His eyes narrowed but he did not look away.
“Yes.”
Hind smiled and caressed his flesh. The muscles of his abdomen were hard and well defined. She could feel her thighs growing wet, and the salty aroma of her arousal filled the air between them.
“No doubt. But is your freedom so precious that you would kill a friend to secure it?”
Wahsi hesitated for a moment. And then he lifted his shoulders proudly.
“If that is the price for the key to my chains, then yes.”
Hind squeezed his forearm, let the tip of her fingernail nick his skin, drawing blood. Wahsi stood impassive as she brought her finger to her lips and sucked the tiny drop of his life fluid into her mouth.
“I will speak to my cousin Jubayr,” she said in a husky voice. “He will give you a furlough for the evening. Come to my house tonight. There is much to discuss.”
A
ND SO HIND FOUND
at last a champion for her revenge. A vengeance that would prove far uglier than any of us could ever have imagined.

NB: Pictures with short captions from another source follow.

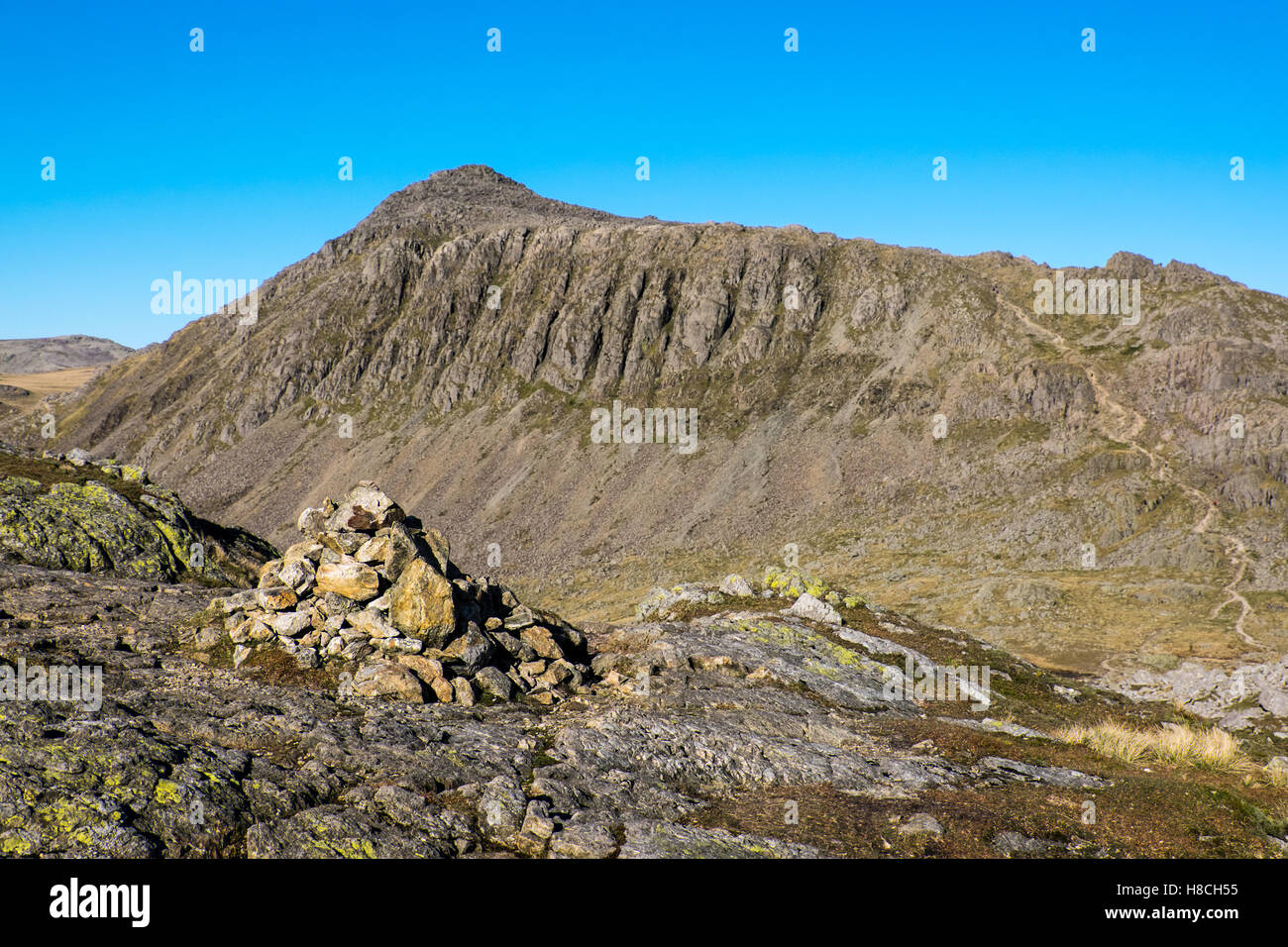 Bowfell nel distretto del lago, visto dalla cresta di collegamento a balze ondulata Foto Stock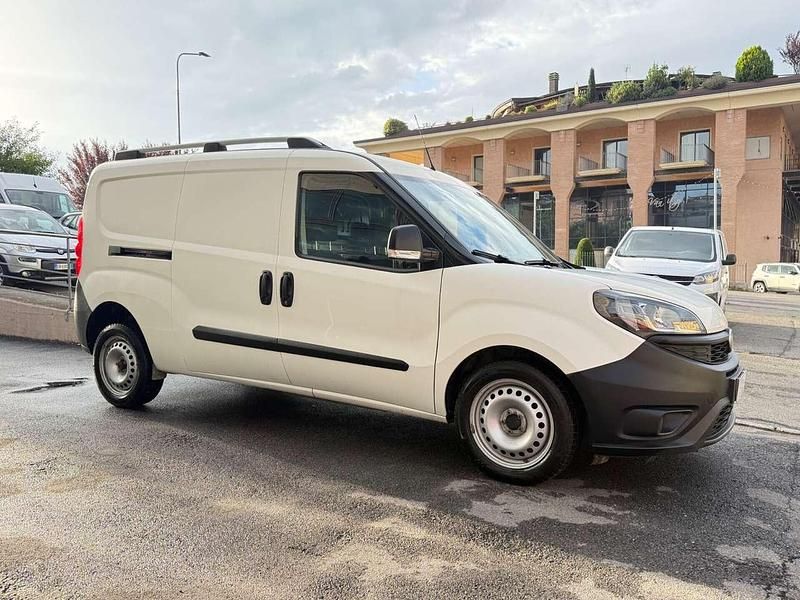 Usado Fiat Doblò 105 HP (77 kW) 2021 Branco Monovolume
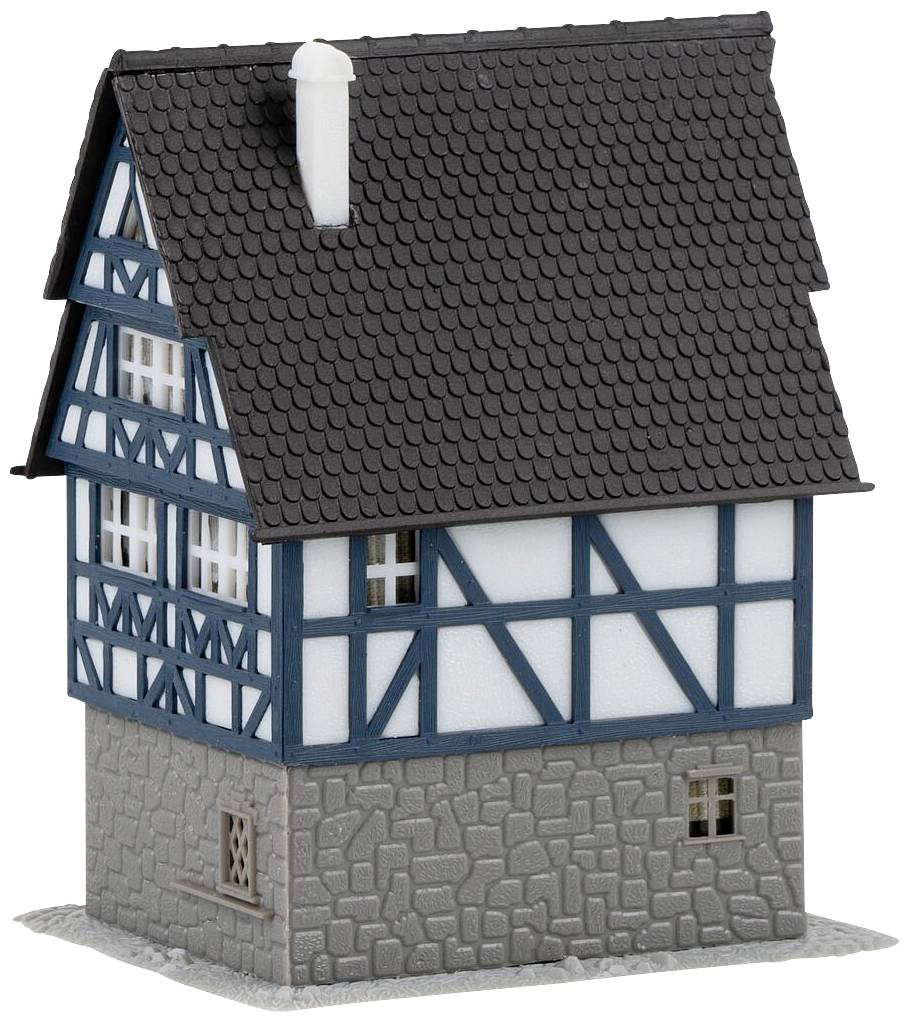 Fachwerkhausmodell mit blauer und weißer Fassade, Schieferdach und gemauertem Erdgeschoss. Schornstein auf dem Dach.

You may wonder, dear Abdallah, why I take the time to detail her role in these events. She was a monster, you say, unworthy of being recorded in the annals of our faith. And perhaps you are right. Her crimes have justly earned her the condemnation of history. Hind was indeed cruel, vindictive, and manipulative. And yet she was also more than that. Strong. Proud. Passionate. A woman who refused to let the world conquer her. A woman who could have done so much good had the wound in her heart been healed with the balm of love. And despite my hatred for her memory, I sorrow for the child that still lived within her. A little girl on her knees, crying out to the heavens for her mother. A cry that was met with silence.